● Records drawn from a dataset
################
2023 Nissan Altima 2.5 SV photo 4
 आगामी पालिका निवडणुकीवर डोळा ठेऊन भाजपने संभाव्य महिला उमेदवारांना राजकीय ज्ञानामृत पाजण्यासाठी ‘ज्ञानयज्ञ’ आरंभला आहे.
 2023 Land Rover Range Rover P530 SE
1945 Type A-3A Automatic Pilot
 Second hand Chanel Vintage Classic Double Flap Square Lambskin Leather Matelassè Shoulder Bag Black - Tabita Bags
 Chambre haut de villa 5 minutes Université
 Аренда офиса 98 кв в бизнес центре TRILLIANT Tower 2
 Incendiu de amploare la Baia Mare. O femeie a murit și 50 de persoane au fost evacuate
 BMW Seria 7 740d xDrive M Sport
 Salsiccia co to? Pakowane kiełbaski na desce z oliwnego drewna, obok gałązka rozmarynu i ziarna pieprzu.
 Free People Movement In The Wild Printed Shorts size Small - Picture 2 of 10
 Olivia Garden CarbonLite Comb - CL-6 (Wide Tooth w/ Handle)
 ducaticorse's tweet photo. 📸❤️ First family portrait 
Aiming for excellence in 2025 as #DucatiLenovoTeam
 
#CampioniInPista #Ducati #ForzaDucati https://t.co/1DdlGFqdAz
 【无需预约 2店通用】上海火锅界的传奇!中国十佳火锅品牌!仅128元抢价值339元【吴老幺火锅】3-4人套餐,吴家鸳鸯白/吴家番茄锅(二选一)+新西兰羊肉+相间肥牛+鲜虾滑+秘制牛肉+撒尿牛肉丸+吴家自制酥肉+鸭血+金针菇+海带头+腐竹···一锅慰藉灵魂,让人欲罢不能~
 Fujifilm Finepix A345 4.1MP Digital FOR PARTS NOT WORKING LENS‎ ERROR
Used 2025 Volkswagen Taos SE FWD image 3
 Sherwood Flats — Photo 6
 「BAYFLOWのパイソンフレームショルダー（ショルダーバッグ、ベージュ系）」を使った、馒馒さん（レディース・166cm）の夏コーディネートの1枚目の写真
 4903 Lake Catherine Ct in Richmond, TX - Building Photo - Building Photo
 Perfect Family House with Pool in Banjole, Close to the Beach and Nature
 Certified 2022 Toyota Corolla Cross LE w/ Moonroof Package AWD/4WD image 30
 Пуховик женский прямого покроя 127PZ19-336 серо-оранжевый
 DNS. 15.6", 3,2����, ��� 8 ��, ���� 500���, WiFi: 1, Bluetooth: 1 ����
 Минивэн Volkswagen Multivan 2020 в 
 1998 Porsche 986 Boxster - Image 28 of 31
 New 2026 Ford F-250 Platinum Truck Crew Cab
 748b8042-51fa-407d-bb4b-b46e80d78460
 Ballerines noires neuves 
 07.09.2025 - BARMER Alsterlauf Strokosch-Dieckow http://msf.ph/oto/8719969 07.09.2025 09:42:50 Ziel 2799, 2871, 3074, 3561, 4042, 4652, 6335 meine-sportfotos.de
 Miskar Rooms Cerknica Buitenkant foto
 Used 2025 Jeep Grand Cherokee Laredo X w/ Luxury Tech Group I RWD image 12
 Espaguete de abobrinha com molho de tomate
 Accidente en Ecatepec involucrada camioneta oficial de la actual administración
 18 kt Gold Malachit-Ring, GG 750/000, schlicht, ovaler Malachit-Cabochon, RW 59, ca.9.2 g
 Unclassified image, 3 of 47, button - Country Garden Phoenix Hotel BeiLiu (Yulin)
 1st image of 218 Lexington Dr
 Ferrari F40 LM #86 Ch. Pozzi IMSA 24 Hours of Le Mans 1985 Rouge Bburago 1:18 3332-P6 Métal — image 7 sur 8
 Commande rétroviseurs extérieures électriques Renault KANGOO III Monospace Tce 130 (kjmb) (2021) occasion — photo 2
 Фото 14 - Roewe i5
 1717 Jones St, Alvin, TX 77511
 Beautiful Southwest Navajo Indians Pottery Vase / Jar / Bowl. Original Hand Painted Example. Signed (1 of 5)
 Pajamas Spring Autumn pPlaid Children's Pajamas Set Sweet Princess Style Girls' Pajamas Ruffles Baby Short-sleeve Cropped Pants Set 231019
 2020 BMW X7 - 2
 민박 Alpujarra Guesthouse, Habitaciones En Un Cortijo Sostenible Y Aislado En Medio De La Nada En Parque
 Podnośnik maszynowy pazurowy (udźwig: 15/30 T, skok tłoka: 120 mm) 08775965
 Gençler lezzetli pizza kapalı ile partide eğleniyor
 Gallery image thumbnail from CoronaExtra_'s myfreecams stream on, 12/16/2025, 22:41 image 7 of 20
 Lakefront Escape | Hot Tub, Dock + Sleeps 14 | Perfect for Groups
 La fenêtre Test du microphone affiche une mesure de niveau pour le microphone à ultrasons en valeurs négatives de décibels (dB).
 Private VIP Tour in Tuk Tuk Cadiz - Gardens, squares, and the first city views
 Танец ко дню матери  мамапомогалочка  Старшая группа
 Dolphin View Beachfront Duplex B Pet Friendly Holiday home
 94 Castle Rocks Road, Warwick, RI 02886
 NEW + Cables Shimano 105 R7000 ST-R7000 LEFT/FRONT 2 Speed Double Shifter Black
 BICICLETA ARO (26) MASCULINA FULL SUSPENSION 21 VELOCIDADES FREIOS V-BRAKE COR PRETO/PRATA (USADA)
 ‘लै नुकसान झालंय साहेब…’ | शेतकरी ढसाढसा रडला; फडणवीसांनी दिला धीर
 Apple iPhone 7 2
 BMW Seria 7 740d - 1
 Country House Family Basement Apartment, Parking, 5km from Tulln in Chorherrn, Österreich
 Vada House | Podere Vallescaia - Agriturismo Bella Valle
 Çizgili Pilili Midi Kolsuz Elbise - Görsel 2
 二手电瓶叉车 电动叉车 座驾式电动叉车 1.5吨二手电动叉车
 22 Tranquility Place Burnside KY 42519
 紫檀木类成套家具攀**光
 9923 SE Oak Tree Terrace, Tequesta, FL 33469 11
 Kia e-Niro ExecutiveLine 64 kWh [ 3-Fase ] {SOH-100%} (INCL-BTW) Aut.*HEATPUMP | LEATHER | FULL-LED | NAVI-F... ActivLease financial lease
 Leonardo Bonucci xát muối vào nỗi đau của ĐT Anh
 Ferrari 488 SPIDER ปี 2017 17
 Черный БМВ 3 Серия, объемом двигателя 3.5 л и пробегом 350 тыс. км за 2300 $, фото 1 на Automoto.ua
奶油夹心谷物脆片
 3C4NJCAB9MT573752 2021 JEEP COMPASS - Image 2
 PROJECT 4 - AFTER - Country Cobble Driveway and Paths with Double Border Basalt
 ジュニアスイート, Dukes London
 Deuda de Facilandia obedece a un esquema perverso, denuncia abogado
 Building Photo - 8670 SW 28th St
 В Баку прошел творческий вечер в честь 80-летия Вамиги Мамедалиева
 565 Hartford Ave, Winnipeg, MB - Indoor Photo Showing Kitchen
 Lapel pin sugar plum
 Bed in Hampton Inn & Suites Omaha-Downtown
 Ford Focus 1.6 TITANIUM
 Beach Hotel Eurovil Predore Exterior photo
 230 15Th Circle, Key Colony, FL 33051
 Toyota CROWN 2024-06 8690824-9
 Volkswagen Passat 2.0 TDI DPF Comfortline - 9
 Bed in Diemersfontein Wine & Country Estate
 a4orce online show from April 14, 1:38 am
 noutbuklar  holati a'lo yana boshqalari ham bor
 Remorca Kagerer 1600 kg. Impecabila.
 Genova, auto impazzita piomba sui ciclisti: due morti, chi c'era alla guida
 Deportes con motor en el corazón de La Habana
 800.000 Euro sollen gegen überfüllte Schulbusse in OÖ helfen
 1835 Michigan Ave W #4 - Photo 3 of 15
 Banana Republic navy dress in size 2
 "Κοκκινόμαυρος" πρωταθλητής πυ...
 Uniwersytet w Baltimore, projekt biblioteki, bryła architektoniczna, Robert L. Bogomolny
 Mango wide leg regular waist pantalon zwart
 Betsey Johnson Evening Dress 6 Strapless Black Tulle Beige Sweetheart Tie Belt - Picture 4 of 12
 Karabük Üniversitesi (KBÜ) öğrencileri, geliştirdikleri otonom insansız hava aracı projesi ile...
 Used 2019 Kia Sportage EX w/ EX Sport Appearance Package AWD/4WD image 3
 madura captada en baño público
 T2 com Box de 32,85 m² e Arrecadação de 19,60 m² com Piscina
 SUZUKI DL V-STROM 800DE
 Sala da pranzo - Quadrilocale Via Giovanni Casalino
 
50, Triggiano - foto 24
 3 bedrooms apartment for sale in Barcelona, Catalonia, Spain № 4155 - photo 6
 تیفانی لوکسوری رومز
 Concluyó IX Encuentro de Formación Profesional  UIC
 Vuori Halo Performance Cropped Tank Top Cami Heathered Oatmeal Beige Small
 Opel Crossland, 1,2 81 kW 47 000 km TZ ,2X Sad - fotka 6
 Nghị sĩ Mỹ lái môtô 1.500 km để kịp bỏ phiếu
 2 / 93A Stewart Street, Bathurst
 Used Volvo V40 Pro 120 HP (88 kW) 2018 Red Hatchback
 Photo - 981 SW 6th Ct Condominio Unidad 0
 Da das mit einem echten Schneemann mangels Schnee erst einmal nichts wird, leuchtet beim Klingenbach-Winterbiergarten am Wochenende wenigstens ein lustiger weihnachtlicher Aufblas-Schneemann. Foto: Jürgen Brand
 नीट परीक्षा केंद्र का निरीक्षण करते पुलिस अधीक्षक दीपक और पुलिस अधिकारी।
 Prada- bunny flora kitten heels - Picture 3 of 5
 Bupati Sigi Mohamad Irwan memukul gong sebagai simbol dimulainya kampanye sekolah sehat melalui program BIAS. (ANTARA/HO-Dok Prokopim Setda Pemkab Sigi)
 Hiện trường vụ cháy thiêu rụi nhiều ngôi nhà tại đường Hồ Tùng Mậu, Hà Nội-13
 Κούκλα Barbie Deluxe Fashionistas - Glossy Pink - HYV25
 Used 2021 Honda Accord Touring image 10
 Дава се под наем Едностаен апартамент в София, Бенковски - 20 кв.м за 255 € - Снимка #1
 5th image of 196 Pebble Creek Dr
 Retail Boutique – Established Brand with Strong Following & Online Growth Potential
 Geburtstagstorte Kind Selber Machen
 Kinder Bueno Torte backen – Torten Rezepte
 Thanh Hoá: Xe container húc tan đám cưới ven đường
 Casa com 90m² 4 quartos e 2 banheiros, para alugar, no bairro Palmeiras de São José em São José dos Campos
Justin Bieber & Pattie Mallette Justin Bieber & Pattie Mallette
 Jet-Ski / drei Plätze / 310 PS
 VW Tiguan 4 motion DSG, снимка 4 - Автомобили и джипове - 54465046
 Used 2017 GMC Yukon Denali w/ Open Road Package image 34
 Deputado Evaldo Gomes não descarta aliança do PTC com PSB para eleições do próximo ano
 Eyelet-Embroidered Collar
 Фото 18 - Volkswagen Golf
################
● GOAL OF THE EXERCISE
Give the number of lines containing "size" in the entries, and no other text.

● YOUR RESPONSE
2